Optimising a query for matching multiple values on a related table

The question:

I am trying to optimise a query for fetching all game IDs where certain units (Archer, Cavalry, etc.) were present.

I am using the players table, which contains the game_id, and the units table, which contains a player_id foreign key and a unit_type_id foreign key.

The relevant columns for the tables mentioned above are:

table: games

| id | 
|----|
| 1  |

table: players

| id | game_id |
|----|---------|
| 1  | 1       |
| 2  | 1       |
| 3  | 2       |
| 4  | 2       |

table: units

| id  | player_id    | unit_type_id |
|-----|--------------|--------------|
| 1   | 1            | 1            |
| 2   | 1            | 1            |
| 3   | 1            | 1            |
| 4   | 1            | 1            |
| 5   | 1            | 2            |
| 6   | 1            | 2            |
| 7   | 1            | 2            |
| 8   | 1            | 2            |
| 9   | 2            | 3            |
| 10  | 2            | 3            |
| 11  | 2            | 3            |
| 12  | 2            | 3            |

table: unit_types

| id | type              |
|----|-------------------|
| 1  | ARCHER            |
| 2  | BERSERKER         |
| 3  | CAVALRY           |
| 4  | CROSSBOWMAN       |

The query I’m currently using, which works, is:

SELECT
players.game_id AS gameId,
GROUP_CONCAT(DISTINCT units.unit_type_id) AS unitTypes
FROM players
INNER JOIN units
ON players.id = units.player_id
GROUP BY players.game_id
HAVING
FIND_IN_SET('1', unitTypes)
AND
FIND_IN_SET('2', unitTypes)

I programatically generate the FIND_IN_SET statements.

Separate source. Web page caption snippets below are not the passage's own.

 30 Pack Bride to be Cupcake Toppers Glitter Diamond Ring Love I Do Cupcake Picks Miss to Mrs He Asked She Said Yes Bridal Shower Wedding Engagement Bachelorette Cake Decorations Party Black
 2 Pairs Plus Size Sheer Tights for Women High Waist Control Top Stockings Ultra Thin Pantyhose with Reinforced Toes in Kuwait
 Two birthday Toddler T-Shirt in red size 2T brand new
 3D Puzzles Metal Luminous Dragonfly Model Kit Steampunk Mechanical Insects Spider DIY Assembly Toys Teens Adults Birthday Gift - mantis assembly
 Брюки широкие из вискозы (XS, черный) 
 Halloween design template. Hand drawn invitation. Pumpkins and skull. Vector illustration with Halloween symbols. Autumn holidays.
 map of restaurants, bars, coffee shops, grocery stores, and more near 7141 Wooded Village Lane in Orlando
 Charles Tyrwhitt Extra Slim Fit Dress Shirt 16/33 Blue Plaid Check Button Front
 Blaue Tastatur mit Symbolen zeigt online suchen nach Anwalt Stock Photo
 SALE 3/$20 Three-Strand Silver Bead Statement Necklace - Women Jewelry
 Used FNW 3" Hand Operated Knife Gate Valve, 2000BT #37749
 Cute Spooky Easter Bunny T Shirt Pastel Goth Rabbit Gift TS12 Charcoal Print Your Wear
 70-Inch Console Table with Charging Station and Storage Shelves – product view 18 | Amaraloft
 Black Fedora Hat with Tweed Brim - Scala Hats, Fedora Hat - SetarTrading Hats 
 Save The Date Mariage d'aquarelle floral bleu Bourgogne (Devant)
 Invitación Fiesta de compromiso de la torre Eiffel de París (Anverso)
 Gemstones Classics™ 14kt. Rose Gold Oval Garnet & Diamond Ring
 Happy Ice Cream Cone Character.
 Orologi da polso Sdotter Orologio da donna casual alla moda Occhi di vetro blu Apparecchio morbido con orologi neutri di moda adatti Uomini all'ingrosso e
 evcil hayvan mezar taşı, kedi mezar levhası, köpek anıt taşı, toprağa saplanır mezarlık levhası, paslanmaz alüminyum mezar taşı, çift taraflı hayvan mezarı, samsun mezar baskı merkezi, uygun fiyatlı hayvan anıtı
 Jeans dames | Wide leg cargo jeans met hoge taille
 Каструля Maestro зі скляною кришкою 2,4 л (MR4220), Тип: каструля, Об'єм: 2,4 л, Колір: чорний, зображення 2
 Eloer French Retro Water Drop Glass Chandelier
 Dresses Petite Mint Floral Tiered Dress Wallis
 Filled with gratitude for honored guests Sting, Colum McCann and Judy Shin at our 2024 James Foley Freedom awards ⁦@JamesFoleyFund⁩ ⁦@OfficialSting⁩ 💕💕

Importantly, I want to return only game IDs that contain all specified unit types. This is why WHERE units.unit_type_id IN (1, 2, 3) won’t work.

I have also tried:

  • HAVING SUM(CASE WHEN units.unit_type_id IN (1, 2) THEN 1 END) = 2; – didn’t work
  • HAVING SUM(units.unit_type_id IN (10, 11)) = 2; – didn’t work
  • Using multiple inner joins, one on each unit type – this was very slow, taking 3 times as long

MySQL version: 5.7.37

DB Fiddle with examples

Is there a better way of doing this to improve performance in terms of speed and resources? Any suggestions would be appreciated.

Thanks!

The Solutions:

Below are the methods you can try. The first solution is probably the best. Try others if the first one doesn’t work. Senior developers aren’t just copying/pasting – they read the methods carefully & apply them wisely to each case.

Method 1

I hope I understood correctly the question, if not please let me know.

Try:

SELECT p.game_id AS gameId
FROM players p
INNER JOIN units u ON p.id = u.player_id
WHERE u.unit_type_id in (1,2)
GROUP BY p.game_id
HAVING COUNT(DISTINCT u.unit_type_id) =2 ;

Demo

This will return the players.game_id which both have unit_type_id (1,2). If you have three or more u.unit_type_id in you have to change HAVING COUNT(DISTINCT u.unit_type_id) =2 ; to the number of the records in the in condition

Method 2

Not sure whether this solves your problem:

SELECT players.game_id AS gameId
     , GROUP_CONCAT(DISTINCT units.unit_type_id) AS unitTypes
FROM players
JOIN units
    ON players.id = units.player_id
GROUP BY players.game_id
HAVING COUNT(DISTINCT CASE WHEN units.unit_type_id IN (11,16) 
                           THEN units.unit_type_id  
                      END) = 2;

Explanation, the CASE expression maps 11->11, 16->16 and everything else to NULL. By counting DISTINCT we get 2 for those that contain both 11, 16

Your attempt:

HAVING SUM(CASE WHEN units.unit_type_id IN (1, 2) THEN 1 END) = 2;

Won’t work since the bag {1,1,2} contains 3 elements and worse {2,2} contains 2 elements.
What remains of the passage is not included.